Every line of the data below should be written out word for word.

> _COLLECTED DATA_
********************

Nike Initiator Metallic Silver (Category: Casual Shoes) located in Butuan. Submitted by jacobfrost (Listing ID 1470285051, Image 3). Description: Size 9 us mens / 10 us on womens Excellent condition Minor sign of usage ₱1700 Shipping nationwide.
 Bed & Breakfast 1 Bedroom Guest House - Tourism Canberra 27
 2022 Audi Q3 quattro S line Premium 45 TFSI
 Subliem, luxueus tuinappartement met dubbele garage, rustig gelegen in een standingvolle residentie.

********************

> _EXERCISE RESPONSE_
Nike Initiator Metallic Silver (Category: Casual Shoes) located in Butuan. Submitted by jacobfrost (Listing ID 1470285051, Image 3). Description: Size 9 us mens / 10 us on womens Excellent condition Minor sign of usage ₱1700 Shipping nationwide.
 Bed & Breakfast 1 Bedroom Guest House - Tourism Canberra 27
 2022 Audi Q3 quattro S line Premium 45 TFSI
 Subliem, luxueus tuinappartement met dubbele garage, rustig gelegen in een standingvolle residentie.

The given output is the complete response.